• Genealogie

    V wohl sächs. Edler Erich ( 941). - Zugehörigkeit zum Werler Grafenhaus nicht zu belegen.

  • Leben

    Obgleich H.s Vater Ostern 941 zu den Führern der fehlgeschlagenen Quedlinburger Verschwörung gegen König Otto I. zugunsten von dessen jüngerem Bruder Heinrich gehört hatte, erlangte H. nach exilähnlichem Schulbesuch in Sankt Gallen die Würde eines Dompropstes im liudolfingischen Heimatbistum Halberstadt und wurde anscheinend enger Mitarbeiter von dessen Bischof Bernhard (924-3.2.968), der durch seinen zeitweisen Widerstand gegen die Gründung des Erzstifts Magdeburg bekannt geworden ist.

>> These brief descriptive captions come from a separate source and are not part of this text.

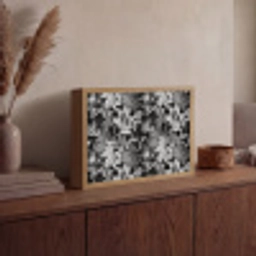 Zomer - Vlinder - Zwart - Grijs Light Box met batterij (Wandlamp) middel 907 -sfeer2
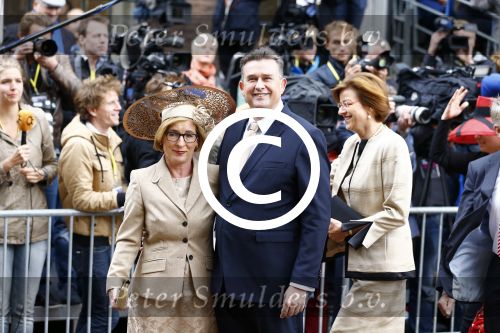 Den Haag 17 september 2013
Prinsjesdag op het binnenhof. Emile Roemer met vrouw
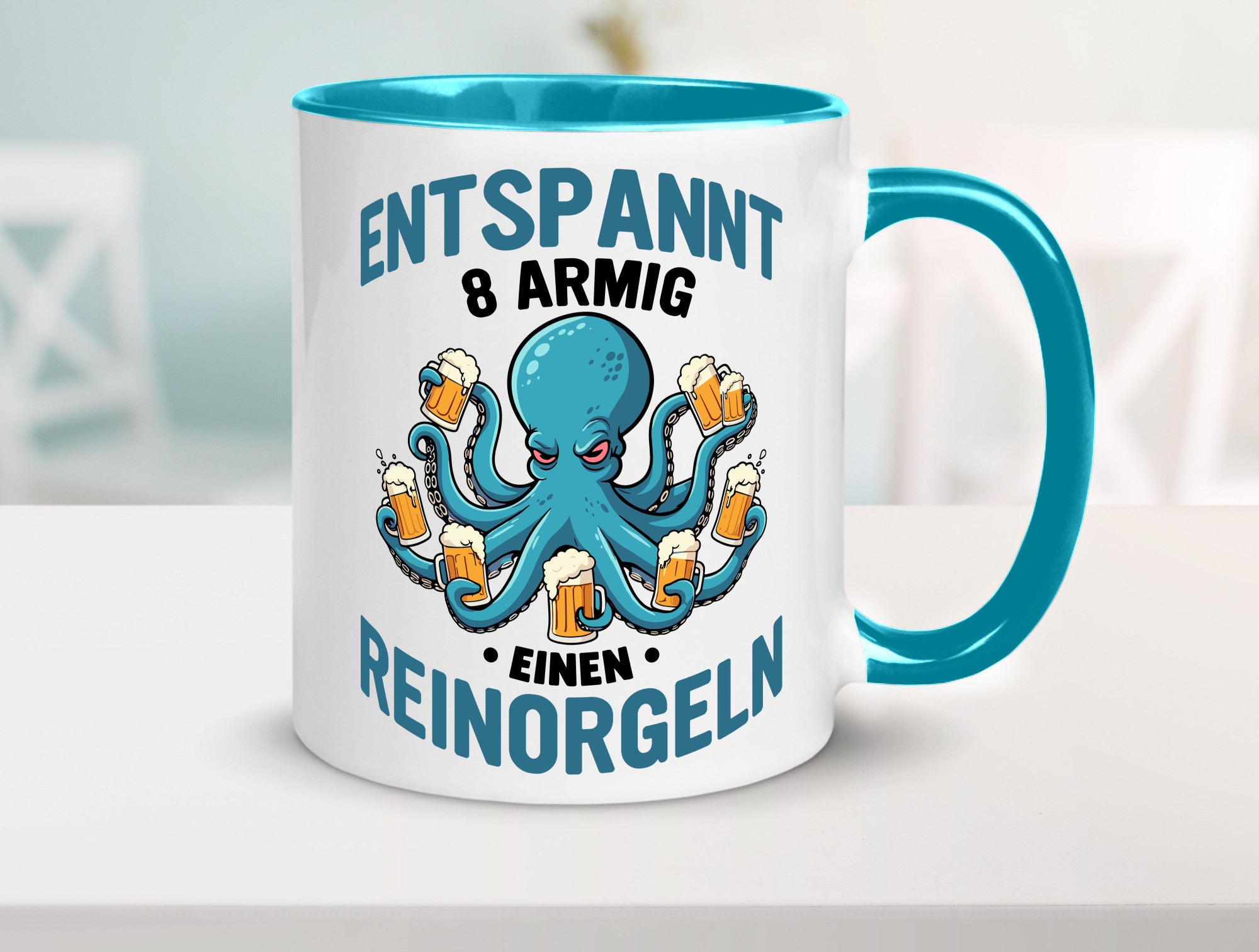 Entspannt 8 armig einen reinorgeln | Saufen Party v2 lustiger Spruch Geschenk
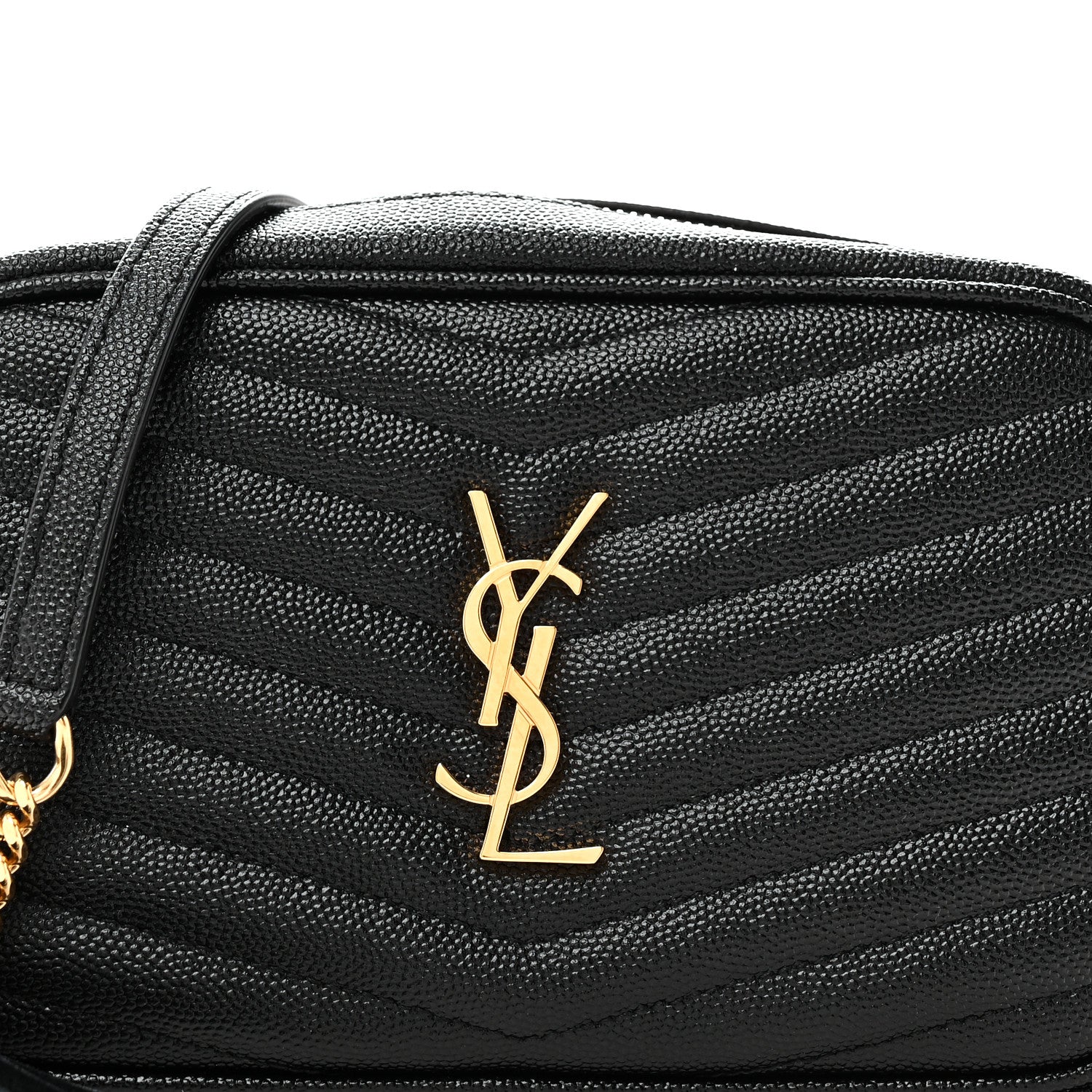 Grain De Poudre Matelasse Monogram Mini Lou Camera Bag Black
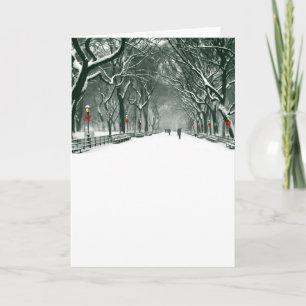 Cartes Pour Fêtes Annuelles Snowy Path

Von diesem zum Nachfolger ausersehen, wurde er am 30.3.968 vom Halberstädter Klerus und „Volk“ – möglicherweise unter Leitung des Sachsenherzogs Hermann Billung zu Werla – gewählt, von Kaiser Otto dem Großen in Rom (?) nach Leistung der Mannschaft mit Bistum und Bischofsamt investiert und, zurückgekehrt, am 21.12.968 vom zuständigen EB Hatto II. von Mainz zum Bischof geweiht.

    Otto scheint sich der Halberstädter Zustimmung zu seinen missionsorganisatorischen|Plänen so sicher gewesen zu sein, daß er von H. – anders als von Hatto II. – keine besondere urkundliche Bestätigung sämtlicher halberstädter Gebietsabtretungen an die 968 neu gebildete Kirchenprovinz Magdeburg forderte und sich mit H.s Unterschrift unter der Ravennater Synodalurkunde vom Oktober 968 begnügte, welche die Grenzveränderungen zugunsten der neuen Erzdiözese Magdeburg festhielt, Merseburg jedoch nicht erwähnte. Hier setzte 981 die kirchenrechtliche Argumentation zugunsten der Aufhebung des südöstlichen Nachbarbistums Merseburg ein, zu dessen Gründung H. 968 angeblich seine Zustimmung verweigert haben soll. H. mochte trotz ständigen Gebietsstreitigkeiten mit Magdeburgs erstem Erzbischof Adalbert durch die Aussicht auf den linkssaalischen Teil des Merseburger Diözesangebietes für die Neuordnung der Magdeburger Kirchenprovinz gewonnen worden sein, wenn er auch in der Folgezeit im linkssaalischen Merseburg selbst Eingriffe des neuen Magdeburger Metropoliten Giselher hinnehmen mußte.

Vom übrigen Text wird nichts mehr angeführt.